Onde Haja Trevas... (poética-delírio)
Por Ramon Bacelar
Em uma noite como outra qualquer...
...um recluso não sonha, suspira, lamenta e desperta, mas para ele tanto faz: Dia e noite, noite e dia... Sempre a mesma cor. Apalpa o criado-mudo e engole outro analgésico no estridente estilhaçar de mais um copo no piso: “Se fosse uma cor, seria...”, o pensamento contorce em inúteis conjeturas sinestésicas: ele ri, ri, ri e contorce... Tenta esquecer, mas a dor que o consome só não é maior que a escuridão que o devora: Tenta... Olha de lado, e tenta... Vislumbra fugazmente dois olhos na janela? Ao lado da janela?

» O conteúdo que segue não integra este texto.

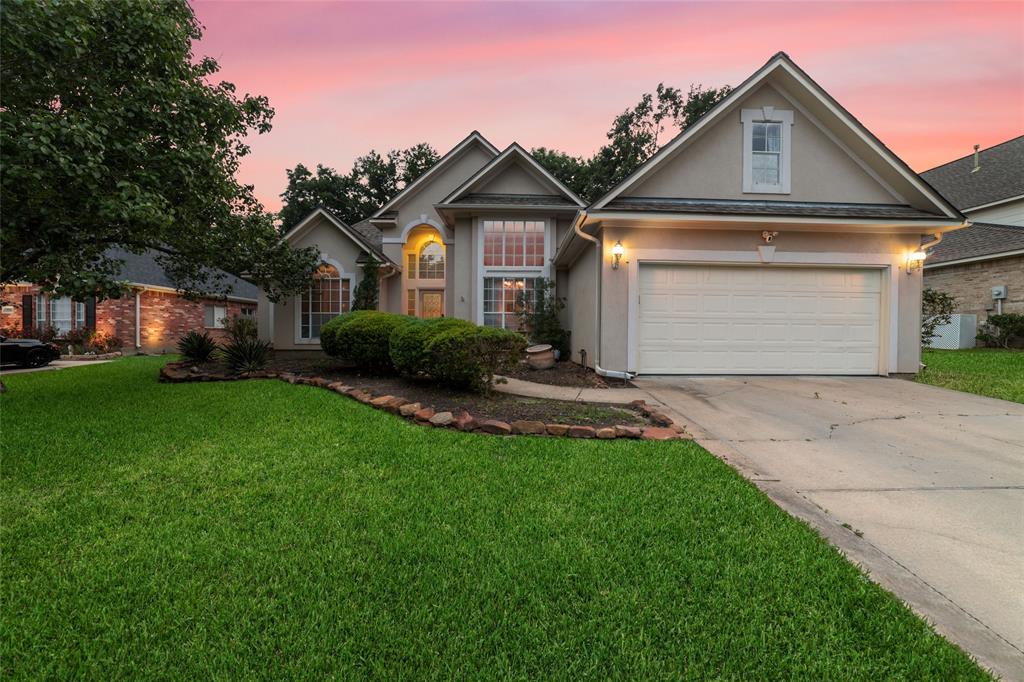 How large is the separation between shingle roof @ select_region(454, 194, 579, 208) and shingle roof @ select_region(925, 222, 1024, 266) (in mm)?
14055

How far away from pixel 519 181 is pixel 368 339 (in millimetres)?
7250

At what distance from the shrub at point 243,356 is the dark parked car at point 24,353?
8433mm

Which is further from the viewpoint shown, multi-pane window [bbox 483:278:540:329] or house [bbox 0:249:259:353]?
house [bbox 0:249:259:353]

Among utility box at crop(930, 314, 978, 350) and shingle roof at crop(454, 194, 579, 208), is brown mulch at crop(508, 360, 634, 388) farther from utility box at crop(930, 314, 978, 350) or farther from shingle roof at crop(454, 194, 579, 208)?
utility box at crop(930, 314, 978, 350)

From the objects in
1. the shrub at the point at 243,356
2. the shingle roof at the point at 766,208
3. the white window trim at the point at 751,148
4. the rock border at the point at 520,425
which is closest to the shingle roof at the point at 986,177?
the shingle roof at the point at 766,208

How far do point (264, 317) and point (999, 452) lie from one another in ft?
51.4

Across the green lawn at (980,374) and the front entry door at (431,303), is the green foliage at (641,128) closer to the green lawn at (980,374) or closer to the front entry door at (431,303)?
the front entry door at (431,303)

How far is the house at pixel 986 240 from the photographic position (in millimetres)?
A: 15125

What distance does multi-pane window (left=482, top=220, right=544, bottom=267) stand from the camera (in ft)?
39.9

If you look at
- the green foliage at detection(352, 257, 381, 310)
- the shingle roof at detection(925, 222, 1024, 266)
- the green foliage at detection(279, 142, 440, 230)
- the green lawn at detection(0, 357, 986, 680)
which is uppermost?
the green foliage at detection(279, 142, 440, 230)

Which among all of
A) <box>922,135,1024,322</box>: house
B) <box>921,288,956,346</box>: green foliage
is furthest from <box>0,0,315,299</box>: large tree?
<box>921,288,956,346</box>: green foliage

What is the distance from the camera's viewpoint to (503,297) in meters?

Não... Suga a escuridão dos olhos da janela: “Dia e noite, noite e dia... Sempre a mesma cor!”, o pensamento finca, a dor avança e agora, tremulante, apalpa o piso e rasteja pelo quarto; abre as mãos porque sabe, fecha os punhos porque sente: sabe da cor quente que mancha os pulsos, sente estilhaços perfurando outra dor: “Se fosse outra cor... A cor da outra dor!”, mede o escuro e ri, ri... gargalha porque sabe, chora porque sente.
Rasteja no piso frio, apalpa a palma inchada e retira um livro da estante: Tateia a lombada e sabe o quão fino é o papel: Abre-o ao léu e força a visão, mas a brancura do miolo se perde na escuridão: “Onde haja trevas...” ele grita de olhos abertos, sente de olhos fechados, porém agora... Outra dor, mas sempre, sempre a mesma cor.
Os pés movem os cacos, os vidros furam os dedos, as unhas... Ele tenta, tenta... e em meio às contorções da nova dor, no fim do mesmo túnel de breu e temor, um fio de luz emana dos olhos de vidro sem piedade nem pudor: “Dia e noite, noite e dia, nem sempre a mesma cor!”. O recluso regozija e rasteja para a luz, avança no túnel, toca na tranca e abre a janela: Ele fecha os olhos e chora; deleita-se e ri, ri... A luz banha, purifica, inunda... “...nem sempre a mesma cor!”, grita e chora; abre-os e o brilho o consome, mas agora a dor muda de cor... Ele ri, gargalha e grita pois a dor sempre muda de cor: A claridade queima e as lágrimas sangram quando a luz arde nos olhos como línguas de fogo... Ele sangra, grita e sangra, sabe, e sabe que sabe... Implora pela paz da ignorância e incerteza da escuridão; fecha os olhos: “A dor nem sempre é da mesma cor!”. Ele grita, implora, suspira e desperta no santuário de silêncio e escuridão.
O recluso abre os olhos e apalpa o analgésico: “Sempre a mesma dor...”, mas para ele tanto faz: Dia e noite, noite e dia... Sempre a mesma cor.